Michelle Perez is Hawaiian and then some.  The "then some" are those mixes with various cultural groups that make up most of the Hawaiian population in modern times.  Her philosophy represents the best of Hawaiian ethics, which means to look at all people with the eyes of ohana, or family.


Perez was speaking of a Chinese woman, 80 years old, that she and her husband, Joe, have befriended on many occasions.  The elderly Chinese woman has a raft of children, all adults and living on their own and a mentally challenged daughter who is deaf and unable to live independently.  Her days are spent caring for the daughter, as she does her household tasks in a townhouse in a multicultural setting.

The Chinese woman, whom we will call Linn, for the purpose of this discussion, occasionally borrows money from the Perez family in small amounts for laundry or small necessities.  She looks at the Valentine's Day gifts other women receive and asks for just a few flowers.  She asks for things with the wide-eyed innocence one might expect of a youngster, with a bit of the manipulation that goes with having little and never having much.

The Perez family understands that.  So despite Linn's idiosyncracies they look past those faults to the old woman's needs and her limitations.

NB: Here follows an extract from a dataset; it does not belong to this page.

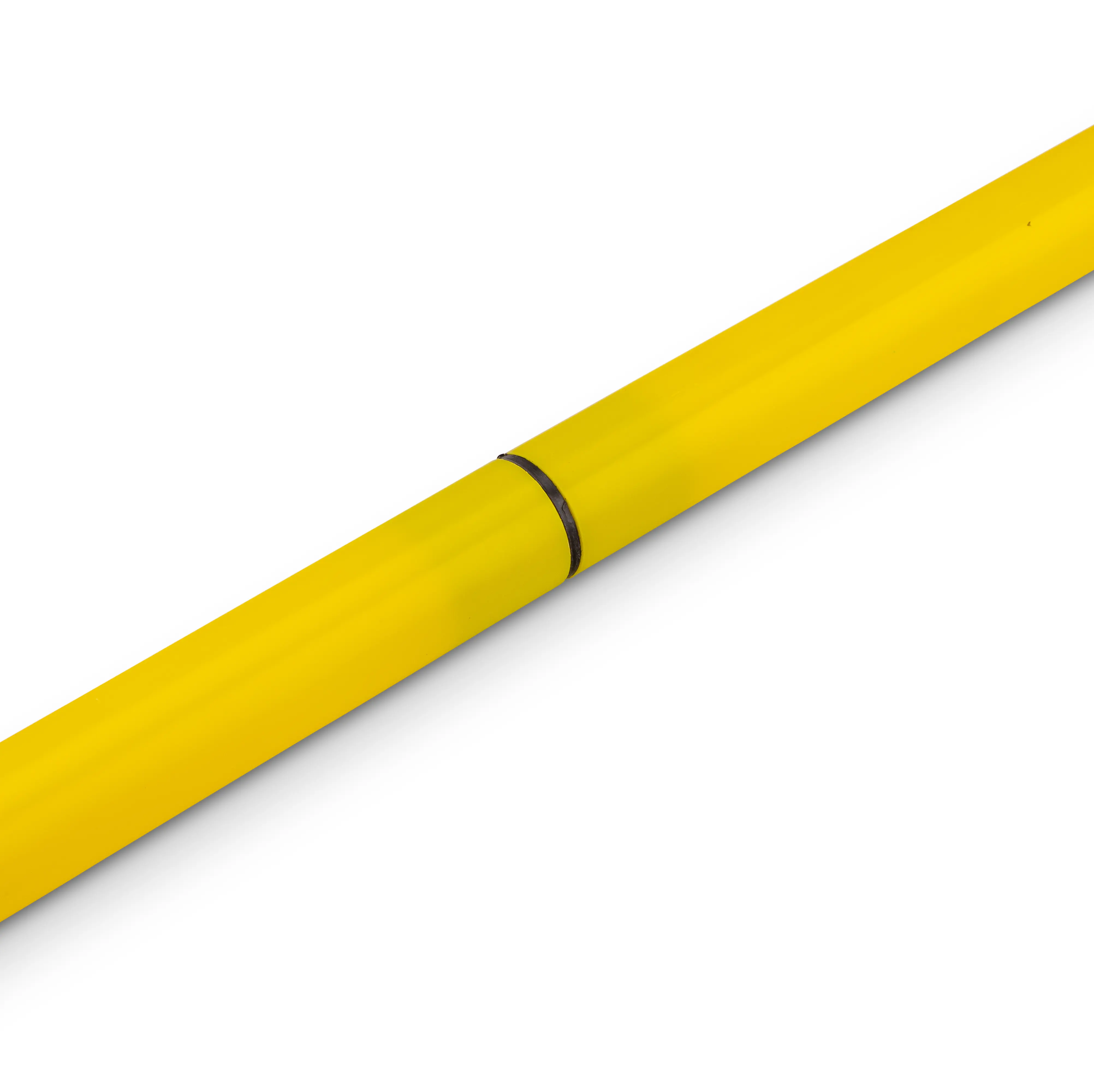 HAEST 38 cm plug-in hurdle set for agility training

And for those theists who recognize the message in all of this, they look at Linn and others like her through the eyes of God, but in an ethical fashion that proves a lesson for us all.

Poverty is no sin to Joe and Michelle Perez.  They understand poor.  They have lived with it.  And within their vision is the knowledge that Christ said caring for the poor is the key to heaven.  Do they read this in the Bible and then speak of their beliefs in some boastful way?  Not at all.  It comes from the blissful, innocent way many islanders look at others, as they recognize the fusion of cultures in Hawaii and understand the source of each person's status.  It is not an intellectual thing but an emotional and spiritual one instead.

It is a lesson on any day, how Christ's message of love is translated into action, teaching the neighbors, you and me, and all they touch, what caring for others is all about.